Wednesday, June 11, 2008

facebook

my participation in facebook might be taking me further from the things that i want. the transformation i desire is asking me to change my current ways and practice being vulnerable, taking chances, risking...all of which are available on facebook with every friend request, message sent, or picture posted. with a click here and a comment there i'm offering myself for someone else to either accept or reject me - not just my screen name - with one push of a button! i'm amazed at how easy our culture makes it for me to feel less-than.

i send a 'friend request' out into the void and i hold my breath, waiting and hoping that it will be accepted - and thickening my skin for the times that it isn't. but my dilemma is that i already have thick skin - that's what i'm trying to alter, work on, fix in me, transform - and yet i'm inviting more of the sameness i don't want with every request sent. why?

does peeking in on every one's lives bring me intimacy? truth? inner transformation? i don't even have to ask the question, because i know the answer already. does it have eternal value? possibly. but i'm not confused about what it has brought already: small, yet present anxiety, a temporary fill or depletion from my self-esteem, and ultimately it has taken my time away from other endeavors that have a far richer return on my investment.

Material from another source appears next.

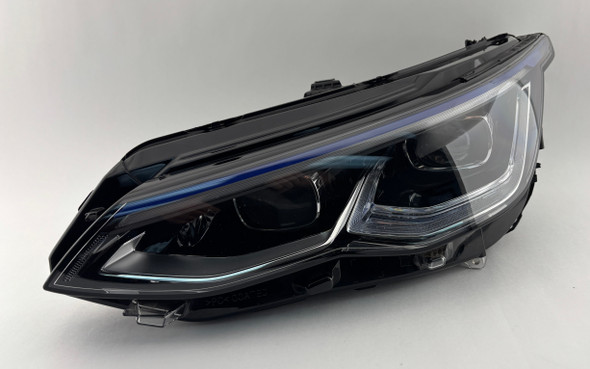 2022-2024 Volkswagen MK8 Golf R OEM Driver Side LED Headlight *Broken Tab* /    M8R01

so, with a new laptop that sits on my kitchen table with 24-7 access, i'm having to ask myself the tough questions - and preparing to act on the answers i probably already knew.

k.

1 comment:

:::No Longer Mute said...

It's ironic how easier access doesn't necessarily lead to any true form of intimacy. And yet somehow the world of facebook enables me to feel within reach of those I've experienced some form of connection during my lifetime. It can easily become a distraction from more meaningful doings. It can even interfere with our kingdom-like longings. I think I confessed to you the other day that facebook was the primary instigator of a dispute between Brian and I! Craziness. So as I wrestle to find out what it means to remain accessible to others without allowing such accessibility to consume my life, I too am learning how to listen to the quiet whispers of the heart's deepest longings.